Reproduce the whole listing that follows, character for character, and drop the images.

§ §

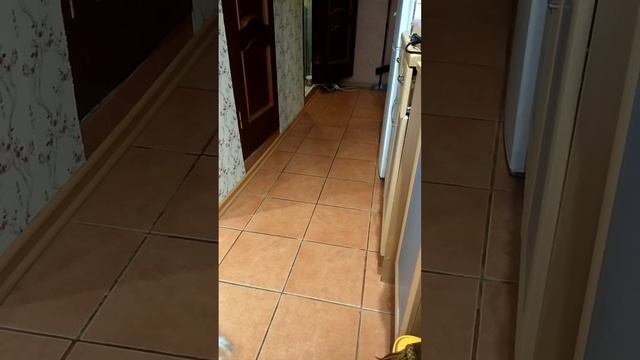 давай играть!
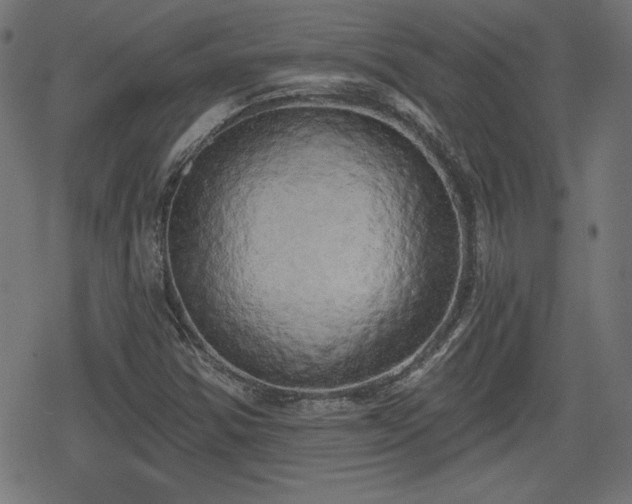 X0000078291354200611101058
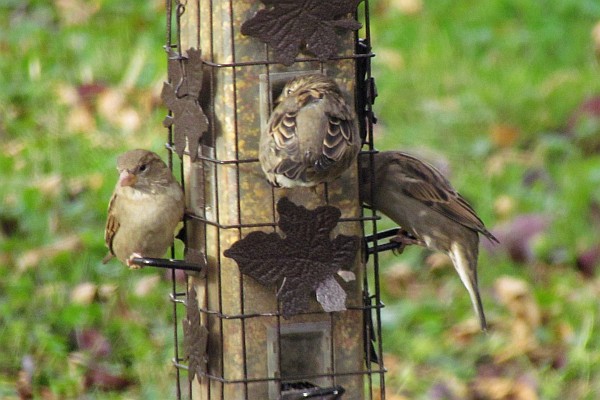 on the feeder delving into the bird seeds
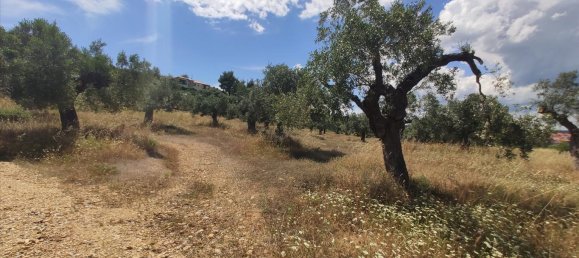 20000m² Hotel in Chalkidiki, Greece No. 4163 11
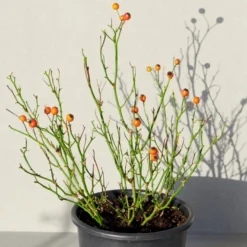 'Kolo'™ Rosa X 'Kolo'™ (Slyngrose) A-Kvalitet,- Barrods Roser Min. 3 Grene -GrønGlæde Salgsbutik p37640 52235 rosa x kolo slyngrose 0aa2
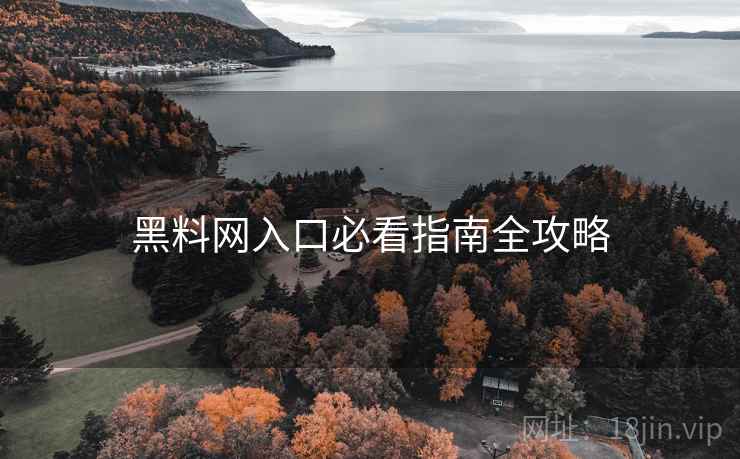 黑料网入口必看指南全攻略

§ §

### YOUR RESPONSE:
 давай играть!
 X0000078291354200611101058
 on the feeder delving into the bird seeds
 20000m² Hotel in Chalkidiki, Greece No. 4163 11
 'Kolo'™ Rosa X 'Kolo'™ (Slyngrose) A-Kvalitet,- Barrods Roser Min. 3 Grene -GrønGlæde Salgsbutik p37640 52235 rosa x kolo slyngrose 0aa2
 黑料网入口必看指南全攻略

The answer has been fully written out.